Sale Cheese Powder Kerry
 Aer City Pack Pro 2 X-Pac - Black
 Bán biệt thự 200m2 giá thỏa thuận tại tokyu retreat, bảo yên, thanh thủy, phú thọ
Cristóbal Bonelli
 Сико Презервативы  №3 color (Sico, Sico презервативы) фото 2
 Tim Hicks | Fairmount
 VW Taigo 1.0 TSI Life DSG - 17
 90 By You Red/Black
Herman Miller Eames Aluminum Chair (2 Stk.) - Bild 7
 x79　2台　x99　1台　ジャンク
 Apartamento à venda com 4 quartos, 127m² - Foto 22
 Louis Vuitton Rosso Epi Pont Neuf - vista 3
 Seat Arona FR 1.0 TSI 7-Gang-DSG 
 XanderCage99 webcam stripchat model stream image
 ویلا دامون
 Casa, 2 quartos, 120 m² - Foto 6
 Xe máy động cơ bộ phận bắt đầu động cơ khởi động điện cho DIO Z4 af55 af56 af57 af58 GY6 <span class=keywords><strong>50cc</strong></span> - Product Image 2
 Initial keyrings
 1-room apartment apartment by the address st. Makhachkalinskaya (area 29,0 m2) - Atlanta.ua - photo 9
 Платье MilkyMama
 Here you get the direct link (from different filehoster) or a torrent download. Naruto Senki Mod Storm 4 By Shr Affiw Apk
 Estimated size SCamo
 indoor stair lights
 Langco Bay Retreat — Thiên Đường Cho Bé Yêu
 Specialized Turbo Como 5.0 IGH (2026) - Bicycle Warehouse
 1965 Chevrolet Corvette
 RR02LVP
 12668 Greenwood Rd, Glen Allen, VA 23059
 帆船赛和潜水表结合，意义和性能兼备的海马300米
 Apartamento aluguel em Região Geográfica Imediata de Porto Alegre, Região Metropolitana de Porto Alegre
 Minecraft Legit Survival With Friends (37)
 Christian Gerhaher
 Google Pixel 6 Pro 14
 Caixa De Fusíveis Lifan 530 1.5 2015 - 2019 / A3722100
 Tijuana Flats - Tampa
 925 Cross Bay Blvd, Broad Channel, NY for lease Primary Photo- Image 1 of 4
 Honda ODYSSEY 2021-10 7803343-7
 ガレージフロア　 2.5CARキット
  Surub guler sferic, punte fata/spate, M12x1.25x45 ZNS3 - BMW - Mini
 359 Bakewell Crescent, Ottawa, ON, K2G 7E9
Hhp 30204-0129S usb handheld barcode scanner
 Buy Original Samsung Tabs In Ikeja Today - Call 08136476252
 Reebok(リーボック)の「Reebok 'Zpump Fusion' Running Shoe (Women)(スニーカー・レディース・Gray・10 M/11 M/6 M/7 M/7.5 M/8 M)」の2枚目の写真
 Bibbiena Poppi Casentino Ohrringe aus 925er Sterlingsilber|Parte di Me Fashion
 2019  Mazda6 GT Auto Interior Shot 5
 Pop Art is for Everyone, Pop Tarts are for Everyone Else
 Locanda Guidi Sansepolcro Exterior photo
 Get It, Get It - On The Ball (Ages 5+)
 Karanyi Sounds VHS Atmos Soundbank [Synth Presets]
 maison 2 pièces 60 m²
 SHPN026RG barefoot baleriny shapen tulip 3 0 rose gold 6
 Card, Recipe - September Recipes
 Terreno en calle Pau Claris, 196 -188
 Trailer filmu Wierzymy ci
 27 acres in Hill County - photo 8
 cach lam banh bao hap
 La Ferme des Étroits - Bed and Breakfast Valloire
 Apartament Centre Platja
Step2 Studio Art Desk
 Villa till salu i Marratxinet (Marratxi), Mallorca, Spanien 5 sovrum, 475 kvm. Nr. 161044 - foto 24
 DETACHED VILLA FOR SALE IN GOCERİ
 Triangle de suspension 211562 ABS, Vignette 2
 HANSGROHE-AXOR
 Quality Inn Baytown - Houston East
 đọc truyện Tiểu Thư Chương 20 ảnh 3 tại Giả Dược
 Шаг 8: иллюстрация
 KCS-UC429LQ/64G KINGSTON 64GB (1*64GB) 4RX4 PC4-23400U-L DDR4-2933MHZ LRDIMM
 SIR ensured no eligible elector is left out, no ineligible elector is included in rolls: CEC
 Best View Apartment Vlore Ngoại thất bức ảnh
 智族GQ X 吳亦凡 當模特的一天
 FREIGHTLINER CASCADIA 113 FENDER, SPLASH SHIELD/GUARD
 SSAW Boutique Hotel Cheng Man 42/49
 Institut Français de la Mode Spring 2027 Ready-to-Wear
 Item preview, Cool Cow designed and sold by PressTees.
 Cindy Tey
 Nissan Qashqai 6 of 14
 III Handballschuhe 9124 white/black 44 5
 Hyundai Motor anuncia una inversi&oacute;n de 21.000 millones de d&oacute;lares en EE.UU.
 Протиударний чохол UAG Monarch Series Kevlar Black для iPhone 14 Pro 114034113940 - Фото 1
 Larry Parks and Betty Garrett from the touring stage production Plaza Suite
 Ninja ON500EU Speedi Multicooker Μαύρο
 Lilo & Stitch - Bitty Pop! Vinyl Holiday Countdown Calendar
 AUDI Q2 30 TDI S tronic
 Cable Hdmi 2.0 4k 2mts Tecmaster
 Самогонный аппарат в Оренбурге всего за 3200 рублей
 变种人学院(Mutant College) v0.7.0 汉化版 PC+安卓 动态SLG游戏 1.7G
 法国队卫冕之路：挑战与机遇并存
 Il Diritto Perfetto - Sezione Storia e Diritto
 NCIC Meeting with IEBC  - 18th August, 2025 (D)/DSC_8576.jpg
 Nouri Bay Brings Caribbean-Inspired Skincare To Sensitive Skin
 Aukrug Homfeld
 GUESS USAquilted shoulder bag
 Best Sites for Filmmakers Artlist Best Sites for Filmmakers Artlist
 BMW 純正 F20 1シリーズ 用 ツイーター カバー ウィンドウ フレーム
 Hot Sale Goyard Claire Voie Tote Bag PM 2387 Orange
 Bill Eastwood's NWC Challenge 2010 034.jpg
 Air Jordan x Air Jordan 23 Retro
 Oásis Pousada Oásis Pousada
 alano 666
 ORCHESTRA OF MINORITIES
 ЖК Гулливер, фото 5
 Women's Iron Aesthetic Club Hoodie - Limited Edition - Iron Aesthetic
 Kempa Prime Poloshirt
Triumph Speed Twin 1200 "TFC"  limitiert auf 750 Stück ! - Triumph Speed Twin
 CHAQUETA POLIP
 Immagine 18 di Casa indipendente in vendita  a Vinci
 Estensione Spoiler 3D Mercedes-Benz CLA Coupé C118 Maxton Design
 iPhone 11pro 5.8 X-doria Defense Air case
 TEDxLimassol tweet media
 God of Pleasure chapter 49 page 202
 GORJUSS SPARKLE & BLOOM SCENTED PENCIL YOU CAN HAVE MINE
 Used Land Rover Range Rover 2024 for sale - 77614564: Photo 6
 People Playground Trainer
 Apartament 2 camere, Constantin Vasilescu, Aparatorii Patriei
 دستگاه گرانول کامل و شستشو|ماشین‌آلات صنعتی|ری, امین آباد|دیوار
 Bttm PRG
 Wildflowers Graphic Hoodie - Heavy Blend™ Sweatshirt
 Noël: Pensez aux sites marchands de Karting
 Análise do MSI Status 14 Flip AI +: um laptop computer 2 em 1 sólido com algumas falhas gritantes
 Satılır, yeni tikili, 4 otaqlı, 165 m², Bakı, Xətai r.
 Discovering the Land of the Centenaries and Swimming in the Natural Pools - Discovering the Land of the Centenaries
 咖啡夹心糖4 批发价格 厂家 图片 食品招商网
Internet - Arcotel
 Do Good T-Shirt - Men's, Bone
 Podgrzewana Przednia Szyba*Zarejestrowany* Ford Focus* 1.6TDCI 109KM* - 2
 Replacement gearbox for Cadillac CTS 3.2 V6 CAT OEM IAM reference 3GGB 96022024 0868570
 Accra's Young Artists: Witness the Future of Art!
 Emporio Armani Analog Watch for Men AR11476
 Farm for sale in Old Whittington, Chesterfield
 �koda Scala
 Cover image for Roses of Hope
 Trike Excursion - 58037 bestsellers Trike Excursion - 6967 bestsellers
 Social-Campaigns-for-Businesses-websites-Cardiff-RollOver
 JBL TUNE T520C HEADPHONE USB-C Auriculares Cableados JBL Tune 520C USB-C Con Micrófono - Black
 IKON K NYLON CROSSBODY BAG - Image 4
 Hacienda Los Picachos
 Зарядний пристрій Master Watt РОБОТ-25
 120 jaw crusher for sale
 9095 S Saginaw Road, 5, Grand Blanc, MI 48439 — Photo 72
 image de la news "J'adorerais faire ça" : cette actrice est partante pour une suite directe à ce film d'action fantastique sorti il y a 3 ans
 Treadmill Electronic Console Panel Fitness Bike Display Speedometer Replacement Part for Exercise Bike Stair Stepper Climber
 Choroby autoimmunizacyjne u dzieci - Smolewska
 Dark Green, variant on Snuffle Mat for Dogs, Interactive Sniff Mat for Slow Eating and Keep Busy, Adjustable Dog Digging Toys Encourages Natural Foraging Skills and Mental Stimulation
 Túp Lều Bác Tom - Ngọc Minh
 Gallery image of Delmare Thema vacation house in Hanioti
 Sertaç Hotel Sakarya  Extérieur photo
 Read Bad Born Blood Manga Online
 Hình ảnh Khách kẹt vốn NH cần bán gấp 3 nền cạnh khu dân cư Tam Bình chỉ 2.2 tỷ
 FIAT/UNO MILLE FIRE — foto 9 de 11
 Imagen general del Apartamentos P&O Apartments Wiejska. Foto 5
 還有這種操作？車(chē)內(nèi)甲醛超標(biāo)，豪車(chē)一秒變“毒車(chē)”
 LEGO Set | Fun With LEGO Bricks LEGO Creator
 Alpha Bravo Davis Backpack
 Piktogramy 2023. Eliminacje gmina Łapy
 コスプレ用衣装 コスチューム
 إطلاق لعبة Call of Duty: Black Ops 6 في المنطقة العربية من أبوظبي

§ **Task statement**
Among the lines above, return those that hold the word "from".

§ **Answer space**
 Here you get the direct link (from different filehoster) or a torrent download. Naruto Senki Mod Storm 4 By Shr Affiw Apk
 Larry Parks and Betty Garrett from the touring stage production Plaza Suite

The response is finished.